2.     Be authentic. Garth Stein is an attractive man and a famous author, and I expected him to give a somewhat polished, sophisticated “performance” at his reading. This was so not what he did. He was actually somewhat scattered, bouncing from topic to topic, taking too long to get to the heart of what he was trying to say, seeming at times to be a person who had one too many cups of coffee. But it was real. He was real. You got the sense that he was letting us see a little piece of his authentic self – almost as if he knew that this was exactly why we came. A book is a polished, finished, permanent thing. The Art of Racing in the Rain  still managed to surprise me – and seeing Stein in person made me realize why: he seems like a guy who is not afraid to be real, and he put something of his true self in that book. It is a gift.  In writing and in person, authenticity is a gift.

3.     Have a killer website. Did you notice that I mentioned in #1 that I went to Stein’s website? I did this because a woman in the audience gushed about his website. She raised her hand first – and high – and said, “I LOVE your website.” Stein laughed and thanked her and said he had worked hard on it. How hard? There is music up there that was written for his books, videos he had made about some of the topics of his books, book trailers, interactive art, historical facts, extra reading material – tons and tons and tons of extra material. He made this for US. He could have just pumped out the book and said, “I wrote a book, isn’t that enough?” but he didn’t. He made all those OTHER things, too. Yes, he probably has a staff and a big budget, but still. It takes energy and he spent it.

4.     Engage your audience.  Stein took our photo and said it would be on Twitter and Facebook later that night, and he invited us to go online to see it – and then he asked us to please do that and to Tweet it and put it on Facebook because that would make his publisher happy. It was what his publisher wanted, in fact -- for him to have followers and friends and likes. Four million copies sold and he still needs a social media following. He wasn’t grumbling about this. He wasn’t saying, “Isn’t it enough that I wrote the book?” He was offering us something, inviting us, engaging us. To test it out, I re-tweeted the picture (including my local bookstore, of course.) They both favorited the tweet within minutes.  This, by the way, is being a good audience member and also a good literary citizen.

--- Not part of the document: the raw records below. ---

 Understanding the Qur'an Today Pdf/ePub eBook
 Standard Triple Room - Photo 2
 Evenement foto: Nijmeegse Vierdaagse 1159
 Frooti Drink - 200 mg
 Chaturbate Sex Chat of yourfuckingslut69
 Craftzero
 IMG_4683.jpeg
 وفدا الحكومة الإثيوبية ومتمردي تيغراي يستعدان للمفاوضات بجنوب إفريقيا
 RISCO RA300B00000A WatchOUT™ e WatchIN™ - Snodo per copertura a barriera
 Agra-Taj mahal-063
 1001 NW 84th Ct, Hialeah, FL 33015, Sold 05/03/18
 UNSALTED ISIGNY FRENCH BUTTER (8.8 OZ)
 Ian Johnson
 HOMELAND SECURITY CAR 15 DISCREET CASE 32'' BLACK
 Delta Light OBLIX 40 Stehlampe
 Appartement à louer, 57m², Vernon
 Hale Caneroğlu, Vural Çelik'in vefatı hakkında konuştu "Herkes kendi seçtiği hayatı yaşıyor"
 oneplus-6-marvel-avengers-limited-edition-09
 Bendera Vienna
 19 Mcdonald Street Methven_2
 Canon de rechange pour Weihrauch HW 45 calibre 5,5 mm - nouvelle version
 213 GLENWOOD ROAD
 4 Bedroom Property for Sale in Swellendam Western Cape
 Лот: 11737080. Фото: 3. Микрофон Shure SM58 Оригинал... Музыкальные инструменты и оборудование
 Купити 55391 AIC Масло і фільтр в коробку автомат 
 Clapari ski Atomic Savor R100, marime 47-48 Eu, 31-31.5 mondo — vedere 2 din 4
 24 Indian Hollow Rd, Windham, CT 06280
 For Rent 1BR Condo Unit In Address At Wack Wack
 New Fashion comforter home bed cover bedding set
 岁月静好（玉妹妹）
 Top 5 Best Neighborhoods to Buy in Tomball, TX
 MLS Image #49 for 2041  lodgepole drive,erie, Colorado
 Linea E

5.     Respect your reader. When it was time for questions, the first came from a kid who was probably 12 and was reading The Art of Racing in the Rain with a reading group. The kid asked about the significance of the zebra in the story – he said people were arguing about it. Stein answered (and I wasn’t recording him, so I paraphrase): "I know the answer because I’m the author but I’m not going to tell you because I think that makes it more fun.” In other words, Stein respects his reader. He respects the readers’ role in the story – the energy and attention and conviction they bring to it. He needs us. He lives for us. And guess what? People like to be needed.

6.     Understand that it’s about delight. At the end of his talk, Stein stood up there with A Sudden Light in hand – the book he wrote after the book that sold 4 million copies – and he said something very close to this: “There are no dogs and race cars in this book, but listen. It’s a big deal to read a book. I know that. You can’t do it while you’re cooking dinner. It’s a commitment. If I’m going to ask you to do that, it’s going to be the best book I’ve ever written. And this is the best book I’ve ever written.”